The political turmoil we are going through right now has certainly vaulted the very idea of “The Truth” to center stage. On the surface, the whole idea of True/False would seem to be an instance of black and white rather than a thousand shades of grey with an occasional bit of color thrown in for variety. Other than the certainty of “Death and Taxes”, some people seem to feel the black and white variety of “Truth” is impossible to find in our complicated and complex world.
“Trust but Verify” is a phrase often attributed to Ronald Reagan, but it was actually an old Russian proverb that was taught to Reagan by one of his advisors on Russian affairs: Suzanne Massie, who was preparing the President for a meeting with Gorbachev.
I am of the opinion that “climate change” is something that mankind’s use of fossil fuels has ushered in at a much faster rate than otherwise: and I feel it has the potential to have an effect on the planet that at the very least will end in suffering for a great number of humans . But I’d be lying to you if I said that I actually understood the science behind that belief well enough to verify that on my own. I happen to feel that it’s a much safer bet to trust climate scientists than climate-ignorant politicians, oil company executives and talk show hosts: but I have to admit my opinion is based on “trust”, not “fact”. The fact that the entire planet (save for the US) seems to agree with me also provides a sense of comfort that I’m not on the wrong side. A little short of “verification”, I know, but sometimes a little faith isn’t a bad thing.
I’m always amazed at the usual responses to accusations of dishonesty by a political figure, which are “Well, what about: _______?”, or “They All Do It!” or, occasionally “How can you know who to trust?”
This is scary. If being able to ascertain the truth is now beyond the ability of the average voter, then democracy is doomed. If we expect politicians to lie, cheat and deceive us and fail to bring them to account whenever they do just that: it surely must lead to the conclusion that it doesn’t matter to us.
The principle of “Truth” is an important one in our government, our entire justice system is based on it’s existence, the concept of “freedom of the press” is predicated on the existence of truth and faith in the concept that we can recognize it when we see it. The idea that what goes on in Congress is part of the public record is to insure thorough debate on the theory that deceit and lies grow where the light of truth never shines.

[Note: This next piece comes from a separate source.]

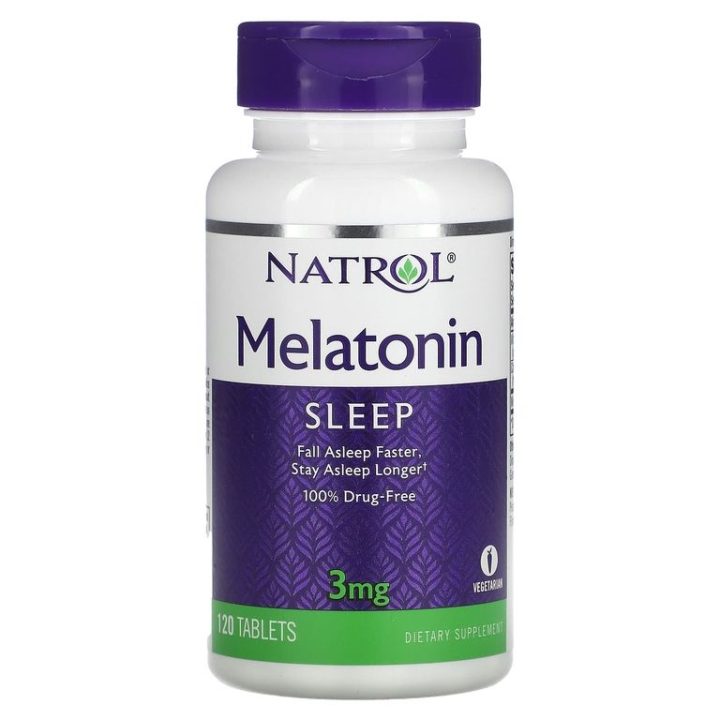 Melatonin Sleep, Mелатонин, 3 мг, 120 таблеток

How many of you watched Ken Burns’ Veitnam War on PBS? It’s obvious that we had been lied to many times over by both our government and military concerning the necessity of our involvement over there, and they didn’t even mention our involvement (meddling) in Vietnamese elections.

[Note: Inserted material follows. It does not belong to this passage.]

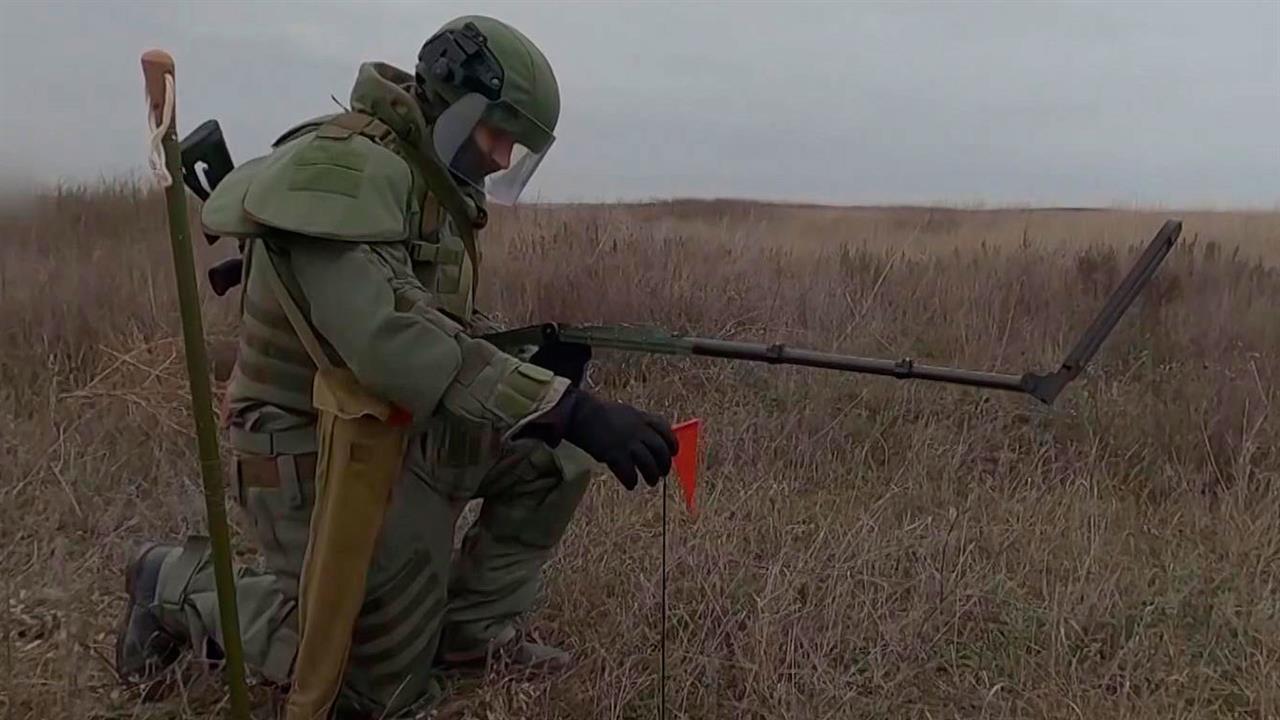 Военнослужащие инженерных войск отмечают профессиональный праздник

Or maybe we can look toward the second Gulf War that was “sold” to us on the basis of the existence of weapons that were never found. And how quickly the “media” jumped on board.
One can think of many other examples, but these are just a couple that stick out to me, off the top of my head. This certainly isn’t a problem that’s exclusive to one end of the political spectrum and the argument that “Both sides do it.” certainly isn’t a valid excuse for this sort of behavior. You are indeed on a slippery slope anytime you adopt the concept: “I need to lie, because the other side surely will be.” This is something I see all too often in the media that pervades Facebook. Usually it’s in the form of half-truths, where they don’t quite tell you the entire story. I think the rationale is “We’re doing this for their own good.” All this manages is to do is erode trust in our institutions.
I think it would be an amazing coincidence to not connect our current political climate and level of polarization from the changes in how people inform themselves concerning the world that exists beyond the range of our senses. When people get their news primarily through “social media”, and then mainly from perusing the headlines we end up with a very limited view of what is actually going on. Belief in any sort of “objective truth” plummets. For example, I get fed up with sensationalist and misleading headlines about Donald Trump as I think they make it harder to determine the truth.
A difficult situation to solve, but we have not made the transition to the 24/7 cable news cycle and the emergence of the internet without erosion of faith in our information system. We adopt a posture of ignoring this or pretending this is not the case at our peril, which I don’t happen to think is too strong a word. The “information age” has a dark side to it. As has every technological revolution the planet has witnessed. You can’t divorce the industrial revolution from industrial warfare and the 123 million people who died due to war in the 2oth Century. You also can look to the relative peace we’ve enjoyed in the years since 1945 and not think we’ve learned at least something—for now. We’ve also taken a few halting steps at rectification of the environmental damage that we caused by that same industrial revolution—for now.
Another thing I do know for certain is that society is only going to get more complex. All sorts of new issues are going to present themselves with increasing frequency. (How the US will manage to continue to use about 1/4 of the non-renewable energy resources of the planet with only 5% of it’s population is only but one.) Somewhere around 50% of the planet is now “online” in some fashion or another and I honestly hope we learn lessons on how to deal with the inevitable fallout from this “revolution” before it impacts the “other half”.